Each town had local militias based on all eligible men who had to supply their own arms. Simply those who were too quondam, also immature, disabled, or clergy were excused from armed services service. The militias were usually but minimally trained and initially did relatively poorly confronting the warring Natives, until more than effective training and tactics could exist devised. Articulation forces of militia volunteers and volunteer Native allies were found to exist the almost constructive. The Native allies of the colonists numbered about 1,000 from the Mohegans and Praying Indians, with almost 200 warriors.[23] [ citation needed ]

By 1676, the regional Native population had decreased to about 10,000 (exact numbers are unavailable), largely because of epidemics. These included about 4,000 Narragansetts of western Rhode Island and eastern Connecticut, two,400 Nipmucs of fundamental and western Massachusetts, and two,400 combined in the Massachusett and Pawtucket tribes living around Massachusetts Bay and extending northwest to Maine. The Wampanoags and Pokanokets of Plymouth and eastern Rhode Isle are idea to accept numbered fewer than 1,000. Well-nigh one in four were considered to be warriors. By then, the Natives had almost universally adopted steel knives, tomahawks, and flintlock muskets as their weapons. The various tribes had no common government. They had distinct cultures and often warred among themselves,[24] although they all spoke related languages from the Algonquian family.

The trial [edit]

John Sassamon was a Native convert to Christianity, commonly referred to as a "praying Indian." He played a key function as a "cultural mediator," negotiating with both colonists and Natives while belonging to neither party.[25] He was an early on graduate of Harvard College and served as a translator and adviser to Metacomet. He reported to the governor of Plymouth Colony that Metacomet planned to gather allies for Native attacks on widely dispersed colonial settlements.[26]

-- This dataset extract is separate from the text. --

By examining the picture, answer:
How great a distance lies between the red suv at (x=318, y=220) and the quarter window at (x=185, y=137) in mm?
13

Metacomet was brought before a public court, where court officials admitted that they had no proof but warned that they would confiscate Wampanoag land and guns if they had any farther reports that he was conspiring to start a war. Not long subsequently, Sassamon's trunk was establish in the water ice-covered Assawompset Swimming, and Plymouth Colony officials arrested 3 Wampanoags on the testimony of a Native witness, including one of Metacomet's counselors. A jury that included six Native elders convicted the men of Sassamon's murder, and they were executed by hanging on June viii, 1675 (O.S.), at Plymouth.[ citation needed ]

Southern theater, 1675 [edit]

Raid on Swansea [edit]

A ring of Pokanokets attacked several isolated homesteads in the small Plymouth colony settlement of Swansea on June 20, 1675.[27] They laid siege to the boondocks, then destroyed it five days later and killed several more people. On June 27, 1675, a full eclipse of the moon occurred in the New England area,[28] and various tribes in New England thought it a skilful omen for attacking the colonists.[29] Officials from the Plymouth and Massachusetts Bay colonies responded quickly to the attacks on Swansea; on June 28, they sent a punitive military expedition that destroyed the Wampanoag town at Mount Promise in Bristol, Rhode Isle.

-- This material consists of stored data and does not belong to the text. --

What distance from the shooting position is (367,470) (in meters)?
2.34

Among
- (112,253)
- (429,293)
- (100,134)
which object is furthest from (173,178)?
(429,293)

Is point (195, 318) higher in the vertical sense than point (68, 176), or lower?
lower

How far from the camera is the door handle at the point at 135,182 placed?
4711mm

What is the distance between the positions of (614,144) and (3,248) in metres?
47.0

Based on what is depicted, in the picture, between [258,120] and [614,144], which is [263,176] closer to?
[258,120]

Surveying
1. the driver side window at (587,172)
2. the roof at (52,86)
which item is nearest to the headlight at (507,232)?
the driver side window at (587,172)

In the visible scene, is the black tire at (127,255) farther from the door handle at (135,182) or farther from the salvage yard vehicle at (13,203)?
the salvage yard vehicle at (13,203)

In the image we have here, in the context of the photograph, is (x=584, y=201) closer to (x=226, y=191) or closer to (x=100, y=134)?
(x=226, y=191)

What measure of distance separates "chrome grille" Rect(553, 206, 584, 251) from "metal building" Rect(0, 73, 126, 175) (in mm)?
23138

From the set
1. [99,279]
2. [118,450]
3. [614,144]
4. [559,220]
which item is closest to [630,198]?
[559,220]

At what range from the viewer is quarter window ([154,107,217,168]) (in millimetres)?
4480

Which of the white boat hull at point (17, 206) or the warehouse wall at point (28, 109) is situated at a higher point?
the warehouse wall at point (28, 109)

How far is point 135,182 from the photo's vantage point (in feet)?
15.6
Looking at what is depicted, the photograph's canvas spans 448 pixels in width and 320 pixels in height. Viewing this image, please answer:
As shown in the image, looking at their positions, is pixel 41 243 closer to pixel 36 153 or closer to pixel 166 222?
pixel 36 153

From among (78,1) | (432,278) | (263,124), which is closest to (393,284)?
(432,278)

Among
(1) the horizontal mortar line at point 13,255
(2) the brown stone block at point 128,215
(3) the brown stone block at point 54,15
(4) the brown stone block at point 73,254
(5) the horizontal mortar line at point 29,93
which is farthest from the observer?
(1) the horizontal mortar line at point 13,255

The war speedily spread and soon involved the Podunk and Nipmuc tribes. During the summer of 1675, the Natives attacked at Middleborough and Dartmouth, Massachusetts (July 8), Mendon, Massachusetts (July fourteen), Brookfield, Massachusetts (August 2), and Lancaster, Massachusetts (August 9). In early September, they attacked Deerfield, Hadley, and Northfield, Massachusetts.

Siege of Brookfield [edit]

Wheeler'south Surprise and the ensuing Siege of Brookfield were fought in August 1675 between Nipmuc Natives nether Muttawmp and the colonists of Massachusetts Bay nether the command of Thomas Wheeler and Helm Edward Hutchinson.[30] The battle consisted of an initial ambush on August 2, 1675, by the Nipmucs against Wheeler's unsuspecting party. Eight men from Wheeler'southward visitor died during the ambush: Zechariah Phillips of Boston, Timothy Farlow of Billerica, Edward Coleborn of Chelmsford, Samuel Smedly of Concord, Shadrach Hapgood of Sudbury, Sergeant Eyres, Sergeant Prichard, and Corporal Coy of Brookfield.[31] Following the ambush was an attack on Brookfield, Massachusetts, and the consistent besieging of the remains of the colonial strength. The Nipmuc forces harried the settlers for two days, until they were driven off by a newly arrived force of colonial soldiers under the command of Major Simon Willard.[32] The siege took place at Ayers' Garrison in West Brookfield, but the location of the initial deadfall was a subject of extensive controversy amid historians in the late nineteenth century.[xxx]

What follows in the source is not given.